Tous se mettent au vert. Le président Emmanuel Macron déplore "l'insuffisance" de la discussion sur le climat après un sommet de l'UE. LREM intègre les anciens d'EELV Pascal Canfin, qui est convaincu que le chef de l'Etat "est en train de changer" sur les enjeux écologistes, et Pascal Durand à sa liste pour les européennes du 26 mai. Les partis de gauche brandissent leur conversion à l'écologie. Le RN réactive le courant de protection conservatrice de la nature existant à l'extrême droite...

Mais évoquer n'est pas agir, souligne Valérie Chansigaud: "L'environnement est une panoplie revêtue par n'importe qui, il ne veut rien dire" en lui-même.

C'est le paradoxe: "Quand un sujet est l'apanage de tout le monde, il n'est en fait l'apanage de personne", et actuellement l'environnement "n'est pas central dans la compétition politique", analyse Simon Persico, professeur de sciences politiques à l'IEP de Grenoble. Selon ce chercheur au CNRS, le stade de "la récupération symbolique n'est plus suffisant après le Grenelle de l'environnement et l'accord de Paris".

- " Etiquette" -

"Maintenant on ne peut plus faire comme si on ne savait pas. C'est une étape intéressante, mais qui ne change pas grand-chose" pour le moment, abonde Dominique Bourg, ex-président du conseil scientifique de la Fondation Nicolas Hulot, aujourd'hui tête de liste Génération écologie, le parti de Delphine Batho.

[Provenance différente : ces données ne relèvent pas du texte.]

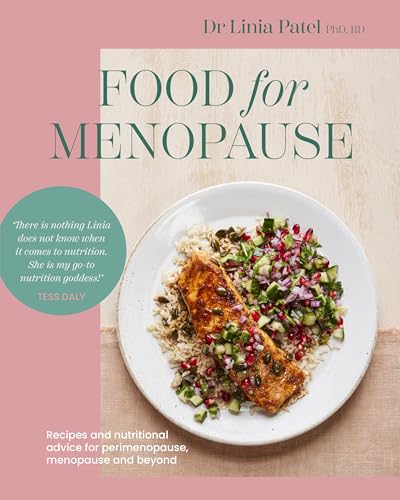 Book cover: "Food for Menopause" with a plate of salmon and grains.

"Nous sommes au début de l'impasse, mais pas encore assez dans la catastrophe", pense-t-il. Pour l'instant, on continue à "mettre l'étiquette écologique et garder les faux semblants" entretenus selon lui depuis plusieurs décennies.

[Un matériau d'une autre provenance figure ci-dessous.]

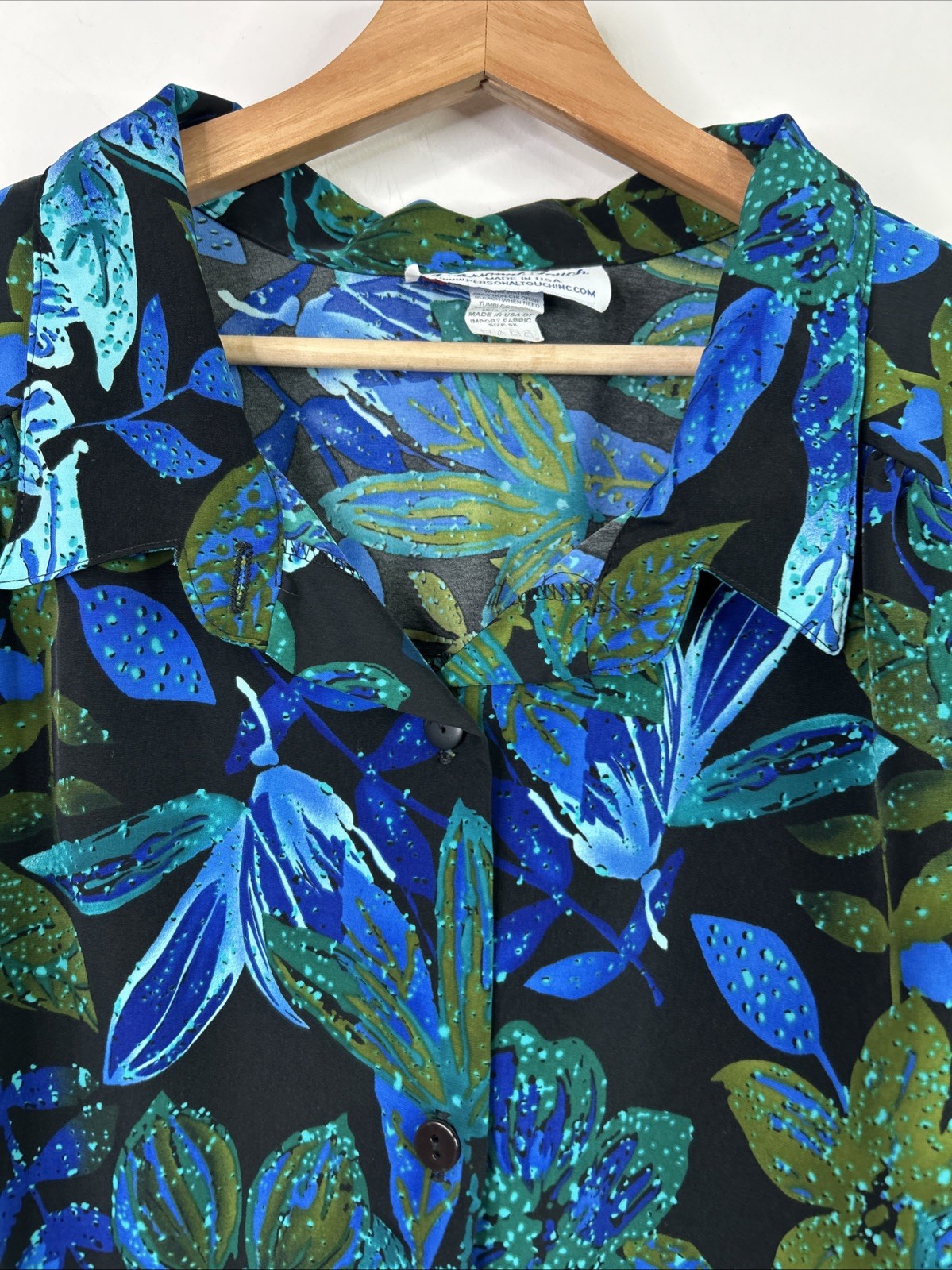 A Personal Touch Women’s 5X Blues Tropical Short Sleeve Button Up Vintage Blouse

Soutien de LREM, Daniel Cohn-Bendit se réjouit pour sa part que "tout le monde relève le gant du défi de la transition écologique". "Ce n'est pas se repeindre en vert, c'est prendre les problèmes de la planète au sérieux", défend cet ancien d'EELV, qui s'exclame: "Vous croyez qu'on gagne des majorités sur la transition écologique si on a un parti écologiste à 10%?"

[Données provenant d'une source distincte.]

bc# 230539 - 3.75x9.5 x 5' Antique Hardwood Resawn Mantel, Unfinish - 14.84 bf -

"Au-delà de l'incarnation par des personnalités reconnues et des mots, il faudra des programmes détaillés et crédibles", a cependant averti le député Matthieu Orphelin, qui a quitté LREM en février en déplorant que la majorité n'aille pas "au bon rythme" sur l'écologie.

Yannick Jadot, qui conduit la liste EELV, a d'ailleurs attaqué une liste LREM "patchwork, fourre-tout", faisant coexister "quelqu'un qui se bat contre le glyphosate", l'écologiste Pascal Canfin, et en n°4 "quelqu'un qui se bat pour le glyphosate", le président des Jeunes Agriculteurs Jérémy Decerle.

Côté mesures, le gouvernement explore divers scénarios devant mener à l'objectif nouveau d'une neutralité carbone en 2050; EELV propose un plan européen de 100 milliards d'euros d'investissements pour la transition écologique; La France insoumise une planification écologique menée par l'Etat, etc.

Mais selon Valérie Chansigaud, la sincérité des démarches des partis politiques se mesurera à leur volonté de passer des compromis d'union: "L'essentiel n'est pas le triomphe d'un parti qui peut engranger quelques succès pour être défait dans deux ans".

"Si ceux qui pensent la radicalité de l'écologie ne sont pas capables de se mettre ensemble, comment voulez-vous qu'ils arrivent à convaincre la majorité de l'électorat en France?", s'exclame Daniel Cohn-Bendit.